The BxBFFT's advantages are highlighted below in a series of plots. These plots show important FFT statistics as a function of FFT size and Complex Points Per Clock (PPC), where PPC is a measure of the FFT's speed -- the number of input samples processed in parallel on every clock. PPC is sometimes also called the SuperSample Rate (SSR).
The BxBFFT doesn't always do the best in every category for every FFT size and PPC, but it consistently does well and is often at the top. Between that and the large number of supported features, the BxBFFT is an option to be highly considered.
On these plots, all FFTs are run with parameters matched as closely as possible, which means their features are reduced to those that most FFTs support. This means 18-bit operation, and fully natural data order in/out.
Note that the Astron and CAStron FFTs only support output data in a partially natural order. This was deemed to be close enough to fully natural order for comparison.
The Altera Parallel FFT only supports bit-reversed output. Although Altera does have bit-reverse IP, it does not support PPC greater than PPC=1. Thus to compare the Altera Parallel FFT on an equal footing, the bit-reverse implementation from the BxBFFT was added to it to produce fully natural order output.
Some FFTs do not support certain values for FFT size and PPC, and the corresponding points on those FFT's plots are missing.
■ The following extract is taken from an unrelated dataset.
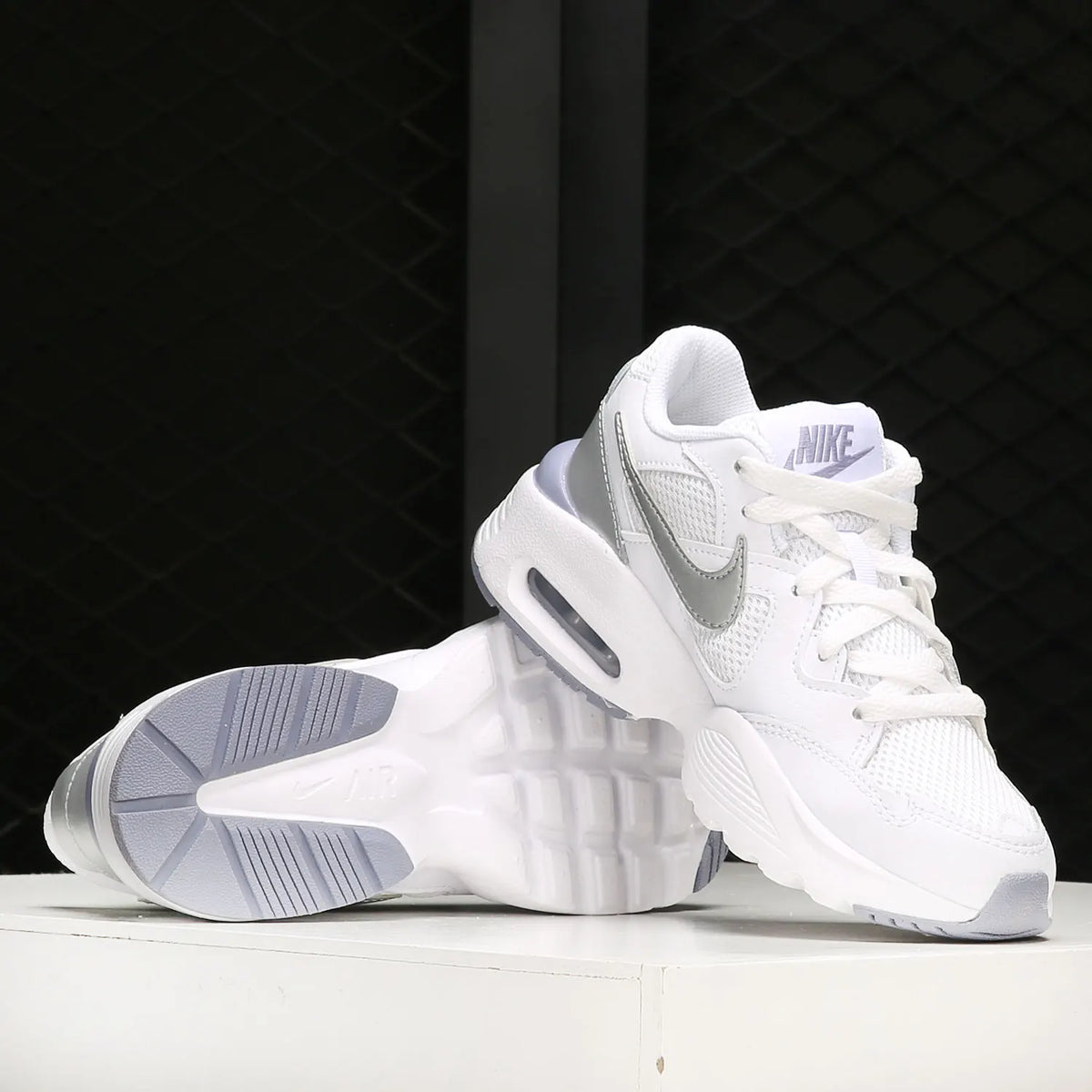 Nike originalni, sezonski, novi, lahki, dihalni, športni čevlji za ženske CJ1671-106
It is not uncommon for an FPGA design to approach either power limits or resource limits. Even when this is not true of a baseline design, it often becomes true because of the introduction of new product features. Power consumption of an FFT can thus make or break a design, or allow or disallow product upgrades. Power consumption also affects product life and reliability, as high consumption puts extra stress on the power supply, and high temperatures and large temperature swings increase the rate of component degradation. High-speed FFTs require intensive processing, and thus may use a large percentage of the total power consumption of a design. Thus power reduction in the FFT can be of particularly high importance.
Below are results from Altera Quartus synthesis for power consumption of the BxBFFT vs several other FFTs in Agilex7. It shows that the BxBFFT is one of the best for power consumption.
FPGA resources are another common design limitation. Designs that use fewer resources have more margin for initial implementation and for future upgrades. For the same design, they can use fewer FPGAs of smaller size and be cheaper to manufacture. They also often achieve higher clock speeds because resources do not become tightly constrained.
Resources can be tricky to compare, since an FFT's ALM usage can often be lowered by increasing M20K memory or increasing DSPs, and vice-versa. These graphs show that the BxBFFT is among the best FFTs in resource usage, when considering these tradeoffs.
Sometimes designs need to meet strict real-time requirements, either in throughput or in latency. Both of these improve when an FFT runs faster. A faster FFT can be achieved with a higher achieved FPGA clock rate (Fmax) or with increased PPC. Throughput is Fmax * PPC.
Limitations in Fmax occur in two forms -- (1) Setup-limited Fmax, limited by setup times in the FPGA fabric, and (2) Restricted Fmax, constrained also by internal speed limits of DSPs and M20Ks.
Setup-Limited Fmax is significant because setup times become worse as resources become more highly utilized. Thus it indicates how much margin the design has to meet timing as FPGA utilization increases. Having more margin doesn't just mean success or failure; better margins also make it easier to achieve timing closure, which translates to reduced engineering time and effort.
Restricted Fmax is significant because it is the maximum frequency that the design can run. If Restricted Fmax is less than Setup-Limited Fmax, that indicates the design is constrained by DSP or M20K internals. These internal constraints depend on DSP and M20K configuration. Some FFTs achieve higher values than others by using the DSPs and/or M20Ks in a more favorable configuration.
The BxBFFT has been carefully optimized to achieve the highest Fmax with the greatest timing margins, as the plots show. For the Stratix10, Restricted Fmax and Setup-limited Fmax are almost identical. This is not the case for the Altera Agilex7 and Arria10.
These results illustrate how the BxBFFT is one of the top high-speed FFTs in Altera Stratix10 FPGAs. It is among the top in power and resource usage. It attains the highest speeds. It is unmatched in supported features and support. It is also cross-platform, supporting both Altera and Xilinx FPGAs, with a path into ASICs.